Several years since surgery and health is much better. Prior to surgery the heart was very enlarged in the right side. We have been told that the heart is now not enlarged.

Left untreated there was high risk of heart failure in adulthood. As your child heart condition is known they will operate if needed and so the heart will be repaired and there shouldn't be any lasting effects.

If/when surgery goes ahead it is extremely difficult for the parents but the children bounce back unbelievably quick. And the hospital teams are so good these days with onsite play therapists, and other enrichment activities in the ward.

When you know about surgery timescale it is worth ordering a gown from pyjama fairies charity. They provide gowns for hospital stays (just postage costs)

Clothes suitable for hospital stay / surgery?
(UK based)

Hi, our little one has a large VSD and PDA and needs open heart surgery soon. Wondering if anyone else struggles finding suitable clothing for hospital? We need clothes that are easy for all the tubes and wires to come out of, as well as clothes that are easy to get him in and out of during his recovery. I'm finding that clothes with poppers are all under 6months and have feet (like sleep suits), which aren't suitable for the summer.

Are there any particular brands or clothing types that you can recommend?

Hi OP, what a shock for you, especially when your baby is so healthy. I can understand how upset you are about it not being detected during pregnancy. This is a bit of info about the ASD your baby has - a patent foramen ovale https://www.pennmedicine.org/for-patients-and-visitors/patient-information/conditions-treated-a-to-z/patent-foramen-ovale#:~:text=Definition,after%20a%20baby%20is%20born.

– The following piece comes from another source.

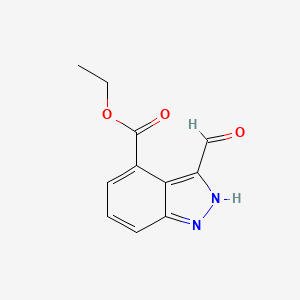 molecular formula C11H10N2O3 B11884778 Ethyl 3-formyl-1H-indazole-4-carboxylate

Essentially, the reason it wasn't detected before birth is that it is present in every baby before birth and only becomes a problem when it doesn't close on its own in the first few days after birth.

Lots of people have a PFO without knowing and never find out, or only find out when it causes a problem. It's actually really good that your baby's has been detected early so that they can be monitored and it can be fixed before it causes any problems.

I know it's really worrying, but please try and enjoy your baby and trust the doctors that your baby will be absolutely fine.

Veganmama, sorry that your baby has to undergo open heart surgery. On the bright side, this has been picked up early and he is going to be better and thriving soon. They do say it is worse for the parents than the baby, so try to hang in there.

In terms of clothes, no need to buy anything. There will be a lot of tubes and wires so the baby recovers in their heated incubator cot just wearing a nappy.

Once the tubes and wires are removed, your baby can just wear normal summer baby outfits but preferably soft clothes with no waist band

@blueshoes yeah it's definitely worse for us, he'll probably bounce back fine. Thanks, that makes sense. I didn't even think about heated incubators. Just trying to prepare myself as much as possible (3 weeks to go)

@blueshoes Just found out he won't have a heated incubator as he's over 6months so he'll have a cot. But nappies and sleepsuits should be fine

@VeganMama2023

Pyjama fairies. They provide gowns and pyjamas for children in UK. It's a charity so they just ask for postage

https://pyjamafairies.org/

They are really lovely

@Againlosinghope that's great, thank you!

Pajama fairies looks brilliant! All the best Veganmama and hope your son's hospital stay is short and uneventful.